Quarta-feira, 26 de abril de 2017, hoje faz exatamente três anos da maior tragédia da história do município de Barroso, que tem apenas 64 anos de emancipação.
Entre 9h e 10h da manhã desta quarta, muitos barrosenses vão relembrar o momento exato do dia mais trágico da cidade, o dia da Tragédia da Rua Viena, como ficou conhecida a morte de cinco crianças carbonizadas no Bairro Jardim Europa, no dia 26 de abril de 2014.
“Eu estava voltando da Padaria e ouvi uns gritos, a princípio achei que fosse uma briga entre família, mas depois começaram os rumores de mortes, crianças, fogo e aí me dei conta de que estava acontecendo uma tragédia no meu bairro. O que eu vi depois eu tento esquecer até hoje e não gosto de falar”, conta uma moradora que prefere não se identificar.
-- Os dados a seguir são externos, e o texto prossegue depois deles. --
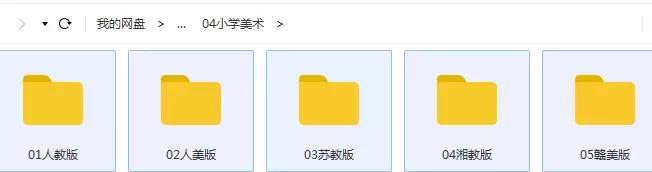 一年级美术教案ppt课件,2022小学美术1-6年级全册试讲稿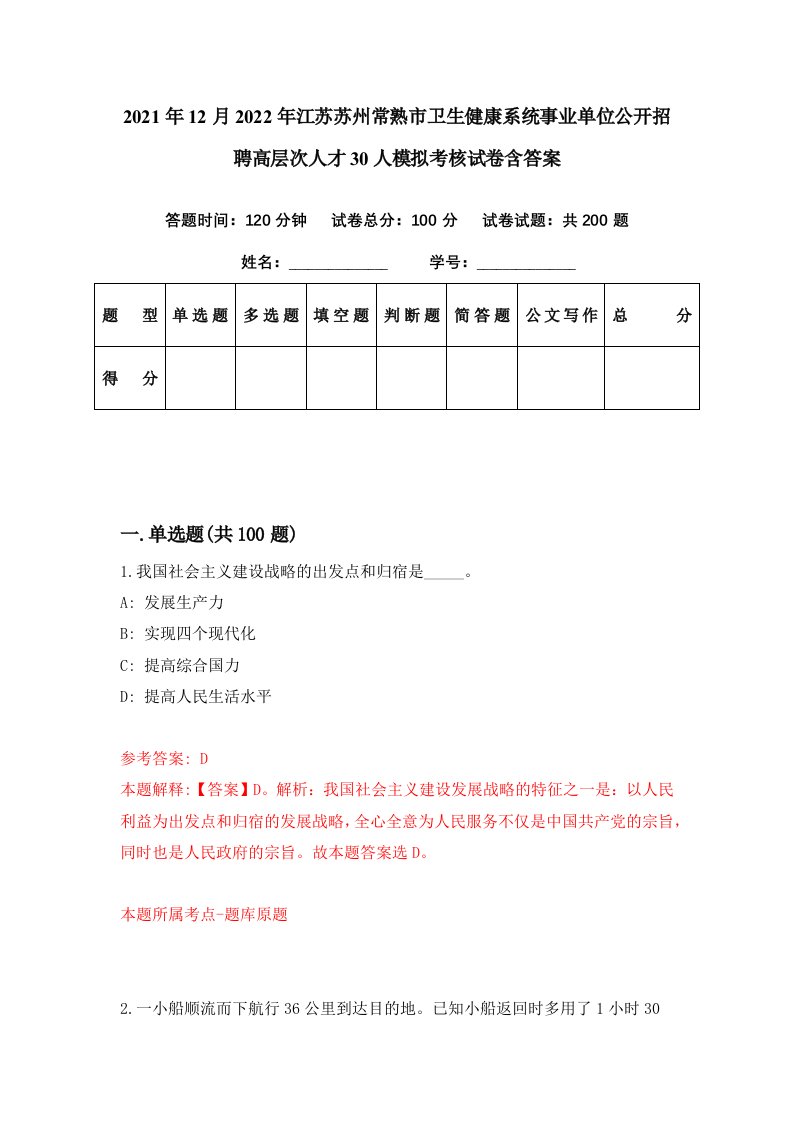 2021年12月2022年江苏苏州常熟市卫生健康系统事业单位公开招聘高层次人才30人模拟考核试卷含答案3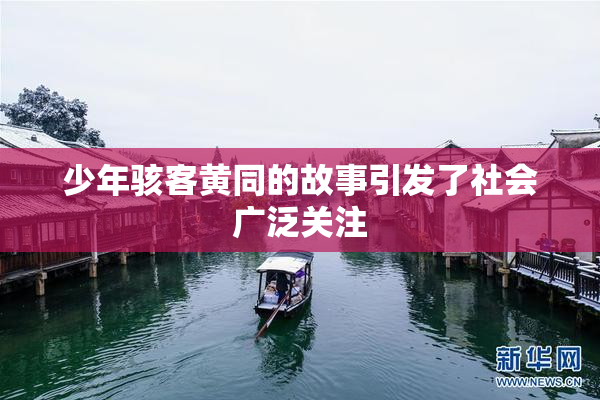 少年骇客黄同的故事引发了社会广泛关注
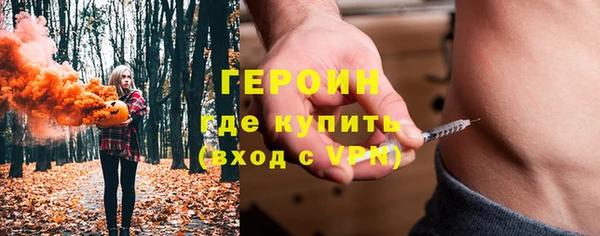 героин Алексин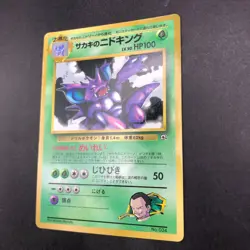 Giovanni's Nidoking Glossy CoroCoro Comics Promo - Japanese Pokemon Card - 1999 - Image 5
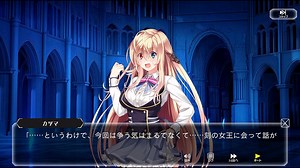 【女幹部】悪の女幹部PNM × ぼくらの放課後戦争！-AFTER SCHOOL WARS-　コラボイベント　『来訪たるは逢生の魔女』　part 2【ぼく戦】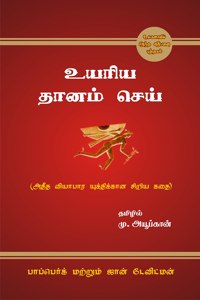 The Go-Giver - à®‰à®¯à®°à®¿à®¯ à®¤à®¾à®©à®®à¯� à®šà¯†à®¯à¯� (Tamil version)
Já o jovem Elias Laurindo, um dos primeiros a entrar na casa incendiada, relembra com muita dor aquele momento trágico. “A gente tenta esquecer, mas não consegue. Dei o melhor de mim, entrei na casa ainda com muito fogo e fumaça, mas não conseguia enxergar muita coisa. Foi triste e até hoje sofro com aquele dia. Meu sentimento hoje é de tristeza por não ter conseguido salvar aquelas crianças inocentes”, declara o morador.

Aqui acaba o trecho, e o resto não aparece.